Friday, November 9, 2018

Nate Hood on EXIT (2018) DOC NYC 2018

[This piece was written on October 30, 2018]

Three days ago, an antisemite entered the Tree of Life Synagogue in Pittsburgh, Pennsylvania and murdered eleven people, screaming “All Jews must died” as he slaughtered the cowering congregation. The killing has been named the deadliest attack against the Jewish community in American history, and tragically it doesn’t seem to be an aberration. Due to inflammatory presidential rhetoric and the proliferation of social media, hate groups have exploded in both strength and popularity. Perhaps at no point since the Civil Rights Movements has racial extremism been so prevalent in our society. All of which begs the question: what drives human beings into hate groups?

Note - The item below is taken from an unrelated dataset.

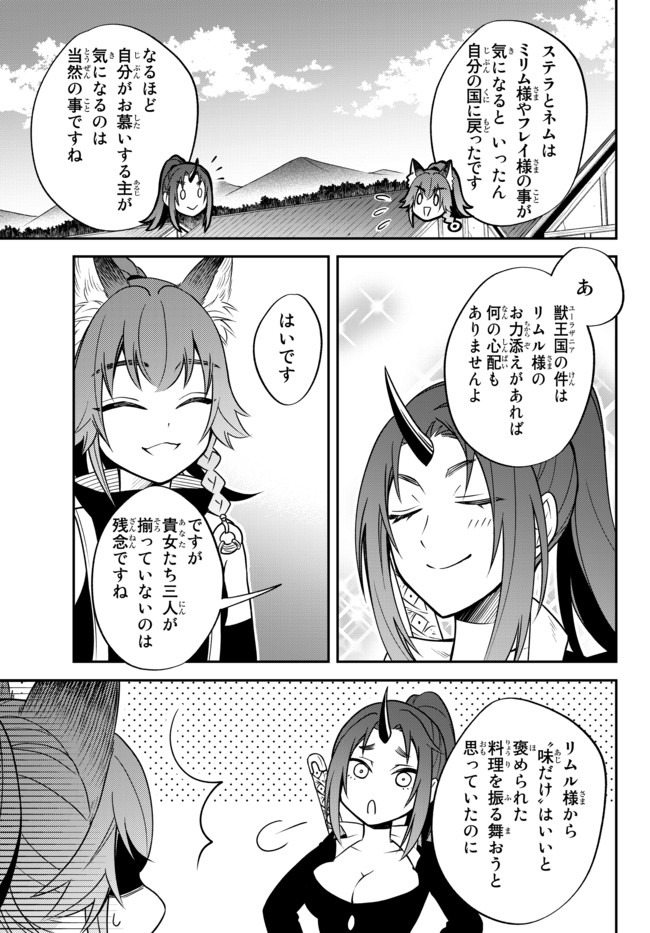 TENSEI SHITARA SLIME DATTA KEN IBUN MAKOKU KURASHI NO TRINITY - raw - Chapter 29.1 - https://jpdd.ccdd.to/JPDD/tenseishitaraslimedattakenibunmakokukurashinotrinity/161494/k4f2rx1cn5f.jpg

Karen Winther explores possible answers in her new documentary Exit. But more importantly, it asks a second question: what can be done when someone tries to leave? Winther has experience on both sides of the equation. As a disillusioned teenager, she joined a Norwegian hate group. She recalls how at first it felt “like a drug”—the movies, the music, and the camaraderie joined together to make her feel like she had a purpose and family. But after two years she realized this “life” was killing her, both physically and psychologically. Under threat of lethal retaliation, she fled and started a new life.

It’s this escape that dominates the first part of Exit, after which she interviews several other prominent ex-hate group members, including Ingo Hasselbach, one of the founders and key figures of West Germany’s neo-Nazi movement. Though interesting, these segments smack too much of the traditional talking heads documentary. But there’s an incredible sequence near the end where Winther meets with two American women who’ve fled the same kind of extremists that indoctrinated the Pittsburgh killer. As the three discuss their explicit experiences as women in hate groups, they come to an astonishing discovery: they’d all been sexually assaulted before joining their respective communities. In that moment we see three women who’d already been through the hell of escaping hate plunge deep into a shared trauma they thought they’d abandoned long ago. We see them start to heal. These are the moments documentaries are meant for. But it doesn’t last—it soon veers right back into talking heads territory. If the film had just focused on these women helping each other recover, it’d be a masterpiece.

But as is, the otherwise underwhelming Exit is still a vital tool for our tumultuous times.